Of course, both MS Windows and Unix continued to evolve past their earliest forms, but the contexts in which they have evolved helped establish their fundamental philosophy and continues to influence how they work today.

• Unix users tend to do a lot more typing than Windows users. Graphics capabilities were rare when Unix was developed, so commands had to be typed out rather than always working through a window GUI, and that practice of typing commands continues to influence the “look and feel” of Unix. Unix does have a windowing GUI, but the Unix approach is to launch an application via a typed command, then let that application open up windows if it needs them. Compare to MS Windows, where most users never type a command, and may not even realize that many common Windows applications offer a variety of command line options. (Try, for example, creating shortcuts on your Windows desktop (right-click on the desktop and select Newshortcut) with the item:

C:\WINDOWS\EXPLORER.EXE


and another with the item:

C:\WINDOWS\EXPLORER.EXE /n,/e,c:\


Try them each and see what they do. The difference is potentially useful, but this possibility is unknown to most non-programmer Windows users.

• Because graphics capabilities were rare when Unix was developed, many Unix applications are text based. The canonical Unix application reads a stream of text in (from “standard input”) and produces a stream of text as output (on “standard output”). Because the output is often considered a slightly modified version of the input, such programs are called filters. Unix users are more likely to string together a bunch of filters that each do something simple than to hunt for a massive dedicated application that does the whole job at once. For example, if you wanted to know how many statements occurred in some file of C++ code, an MS Windows programmer would load that file into a visual C++ programming environment, then search through the menu bars for a “properties” or “number of statements” item that might convey the required information. A Unix programmer would, in a single line of text commands, feed that file into a program that extracted each line containing a “;” (because most C++ statements end with semicolons) and then feed that set of “;”-containing lines through a line-counting filter.

• “One user – One CPU” thinking dominates Windows applications even though networking is widely available. MS Windows has never offered the same level of protection against one process affecting others on the same machine. In Windows, it’s still all too common for a single crashing application to lock up the machine to the point where a reboot is required. In Unix, such reboots are quite rare.

In part, this is because Unix allows processes to interact in only two ways:

• By having one process write out files that the other reads

• By having one process write characters into a “pipeline” that is read by another process.
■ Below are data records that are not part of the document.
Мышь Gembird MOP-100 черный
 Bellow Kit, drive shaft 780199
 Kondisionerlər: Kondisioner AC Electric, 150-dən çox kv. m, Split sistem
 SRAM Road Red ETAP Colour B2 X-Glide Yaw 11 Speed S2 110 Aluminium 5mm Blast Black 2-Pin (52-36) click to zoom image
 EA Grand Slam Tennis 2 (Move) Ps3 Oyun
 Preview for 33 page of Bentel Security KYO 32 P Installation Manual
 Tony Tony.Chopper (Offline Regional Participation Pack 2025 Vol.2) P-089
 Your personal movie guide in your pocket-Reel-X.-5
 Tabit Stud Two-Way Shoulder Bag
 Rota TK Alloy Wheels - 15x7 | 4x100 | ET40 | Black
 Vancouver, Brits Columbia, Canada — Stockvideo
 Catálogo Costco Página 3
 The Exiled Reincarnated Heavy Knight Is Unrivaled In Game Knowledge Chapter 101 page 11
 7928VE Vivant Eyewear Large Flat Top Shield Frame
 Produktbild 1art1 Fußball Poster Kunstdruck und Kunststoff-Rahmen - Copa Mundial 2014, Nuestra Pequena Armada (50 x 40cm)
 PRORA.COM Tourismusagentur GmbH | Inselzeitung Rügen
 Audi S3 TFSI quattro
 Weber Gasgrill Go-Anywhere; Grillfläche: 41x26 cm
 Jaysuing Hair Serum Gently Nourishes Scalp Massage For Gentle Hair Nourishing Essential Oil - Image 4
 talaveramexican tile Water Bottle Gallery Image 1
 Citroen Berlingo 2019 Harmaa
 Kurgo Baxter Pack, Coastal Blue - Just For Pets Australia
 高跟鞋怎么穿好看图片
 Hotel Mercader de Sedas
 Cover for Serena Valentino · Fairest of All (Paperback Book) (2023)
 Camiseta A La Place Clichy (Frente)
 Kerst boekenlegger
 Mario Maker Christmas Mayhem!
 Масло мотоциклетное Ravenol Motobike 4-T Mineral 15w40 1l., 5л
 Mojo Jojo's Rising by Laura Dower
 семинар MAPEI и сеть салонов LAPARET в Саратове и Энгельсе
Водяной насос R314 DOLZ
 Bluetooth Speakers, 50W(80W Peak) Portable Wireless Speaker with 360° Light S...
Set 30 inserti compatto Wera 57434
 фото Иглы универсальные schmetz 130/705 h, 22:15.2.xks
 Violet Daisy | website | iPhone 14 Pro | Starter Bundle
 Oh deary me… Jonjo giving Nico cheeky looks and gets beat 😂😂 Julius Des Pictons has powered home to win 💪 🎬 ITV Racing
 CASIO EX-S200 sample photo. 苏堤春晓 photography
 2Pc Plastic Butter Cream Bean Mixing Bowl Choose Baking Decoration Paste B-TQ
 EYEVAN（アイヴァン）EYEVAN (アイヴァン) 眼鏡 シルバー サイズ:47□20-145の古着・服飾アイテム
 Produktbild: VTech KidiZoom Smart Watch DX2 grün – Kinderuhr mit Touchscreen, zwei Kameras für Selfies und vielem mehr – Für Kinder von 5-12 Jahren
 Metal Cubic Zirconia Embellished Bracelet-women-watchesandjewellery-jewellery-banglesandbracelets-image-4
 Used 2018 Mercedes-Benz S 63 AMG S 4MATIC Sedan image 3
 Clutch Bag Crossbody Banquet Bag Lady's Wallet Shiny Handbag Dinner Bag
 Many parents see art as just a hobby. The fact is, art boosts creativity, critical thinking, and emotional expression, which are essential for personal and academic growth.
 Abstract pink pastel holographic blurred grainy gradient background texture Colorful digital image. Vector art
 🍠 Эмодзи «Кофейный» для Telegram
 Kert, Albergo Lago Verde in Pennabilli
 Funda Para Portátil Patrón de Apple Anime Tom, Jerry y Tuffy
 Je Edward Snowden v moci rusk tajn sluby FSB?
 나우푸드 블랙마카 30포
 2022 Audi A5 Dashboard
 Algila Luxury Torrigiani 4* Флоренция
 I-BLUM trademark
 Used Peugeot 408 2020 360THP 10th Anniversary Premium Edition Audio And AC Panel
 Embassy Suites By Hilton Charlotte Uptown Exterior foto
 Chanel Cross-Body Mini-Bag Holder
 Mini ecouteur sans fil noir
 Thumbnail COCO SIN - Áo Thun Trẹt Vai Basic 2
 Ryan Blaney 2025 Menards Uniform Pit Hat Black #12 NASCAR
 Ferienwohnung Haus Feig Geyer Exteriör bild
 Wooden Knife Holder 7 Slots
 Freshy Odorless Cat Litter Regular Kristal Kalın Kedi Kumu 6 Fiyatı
By contrast, MS Windows has a variety of communication mechanisms, some of which allow one process to directly manipulate the data of another. This allows different applications to work together in interesting and valuable ways (e.g., embedding charts from a spreadsheet directly inside a word-processor document), but at an inevitable cost to overall system security and stability.

• Unix applications are often designed to be run remotely, via a network. Even the Unix windowing GUI, called X, is based on the idea that an application can be run on whatever machine it is installed upon, but will actually display its windows on and accept its mouse clicks and other inputs from any machine on the network. MS Windows, on the other hand, assumes that the application is running on the machine where its outputs should be displayed. If you want to use, say, a paint program that isn’t installed on the PC you are sitting at but is installed on another PC in the same room, you can’t run that program without actually getting up and moving to the other PC.

• Another instance of this bias, one that is, I suspect, much closer to the hearts and pocketbooks of Windows applications developers, can be seen in the deliberate ignorance of many applications to the realities of the networking world. Although Windows will provide support for different users logging in (one at a time!) to given PC, the majority of application software that a user might install on that PC will assume that a single data area and a single set of option and preference settings are enough for that PC. Therefore every time you change a setting, you affect the behavior of that application not only for yourself, but for all other people who use that same machine. Unix applications, on the other hand, are far more likely to be distributed under site licenses permitting all users at a site equal access.

• Indeed, Unix applications are far more likely to be distributed with source code. It’s worth noting that both the Free Software movement and the Open Source movement originated in the Unix community.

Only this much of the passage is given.